An excerpt from the forthcoming memoir High and Inside

ABC/Dunhill chief Jay Lasker was a tough, no-bullshit, old-school record guy who knew how to sell The Mamas & Papas so many different ways it was mind-boggling: Farewell to the First Golden Era, Their Greatest Hits, The Golden Years, The Anthology, 16 Greatest Hits, and then the final 16 Greatest Hits Never Heard Before in This Order. The guy knew how to milk a catalog. They never recorded as a group for him, or anyone else, ever again.

This was not the house that Mo and Joe built, but there were a few of us: Steve Barri, a Top 40 hit producer out of famed Fairfax High (Phil Spector, Herb Alpert, Tommy Roe, The Grass Roots, etc.), and Joel “The Creeper” Sill, the son of Lester Sill (who’d co-founded Philles with Spector and headed Colgems during the Monkees era) and brother of publishing mogul Chuck Kaye, both famed music men. Joel was executive producer of the Easy Rider soundtrack on Dunhill. The three of us stuck together that first year or two. Steppenwolf’s “Born to Be Wild” had been a big hit, and Three Dog Night’s first single, a cover of Harry Nilsson’s “One,” was just out.
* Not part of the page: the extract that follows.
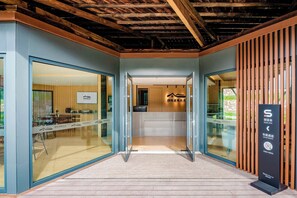 Interior detail - Country Retreats Henan Linzhou Shibanyan (Anyang)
After I’d been there for six weeks, Lasker told me, “Go back and work for your daddy,” as he threw a box of 45 RPM singles at my head, declaring he didn’t want to see me again until I went on the road and got the record played.

“Don’t go to Seattle,” he added. “That doesn’t count.”
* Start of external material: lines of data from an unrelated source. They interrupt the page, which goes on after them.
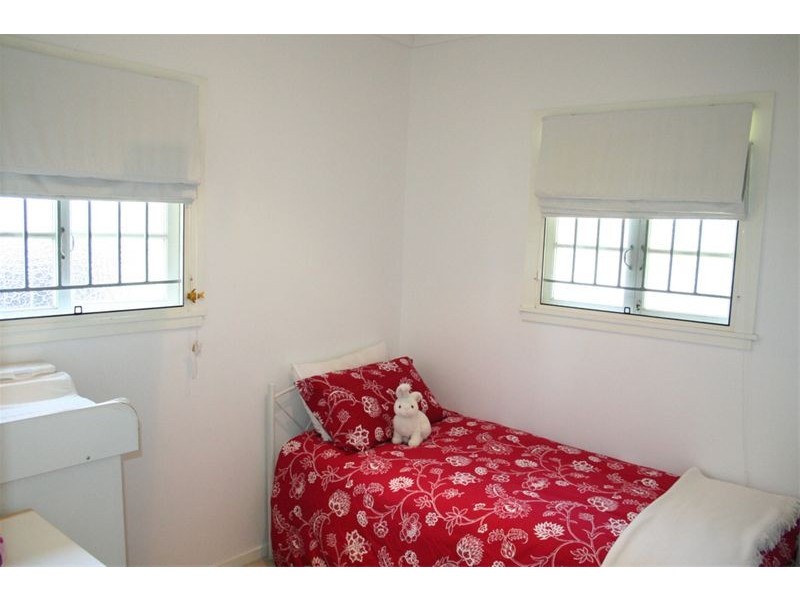 1  Sandon Street, Graceville QLD 4075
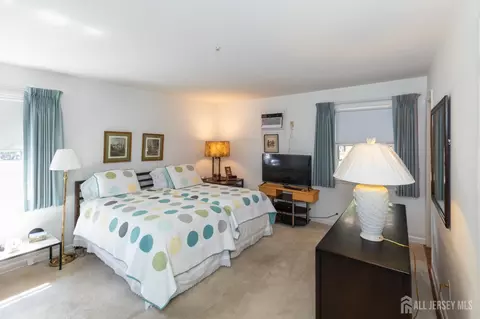 Bedroom - 36 Brookfall Rd, Edison, NJ 08817 photo 2 of 6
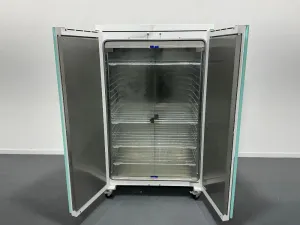 MMM Medcenter Incucell 707 Laboratory Incubator with Digital Temperature Control, 4 of 4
I went home and told wife #1, Pam, who was from Spokane, that we might have made a mistake moving to L.A. She’d been crying since we moved to town. After mulling over the situation, I decided to call an old family friend, Bill Gavin, who ran the influential tip sheet The Gavin Report at the time, and see what he thought I should do. He asked what record Lasker had sent me off to work; after I told him it was “November Snow” by Rejoice, he said he’d call me back.

Bill called the next morning and suggested that I go to Oklahoma City, Dallas and Houston to see stations WKY, KLIF and KILT. So I went. Both WKY’s Danny Williams and KLIF’s Michael O’Shea added the record, but Bill Young at KILT in Houston kept me waiting in the lobby for two days. When I finally confronted him in the parking lot as he stood there with a shotgun in his hand, he said he didn’t have time because he was shooting birds. I had the distinct feeling that shooting birds and shooting Jews was pretty much the same thing to him. I haven’t been back to Houston since.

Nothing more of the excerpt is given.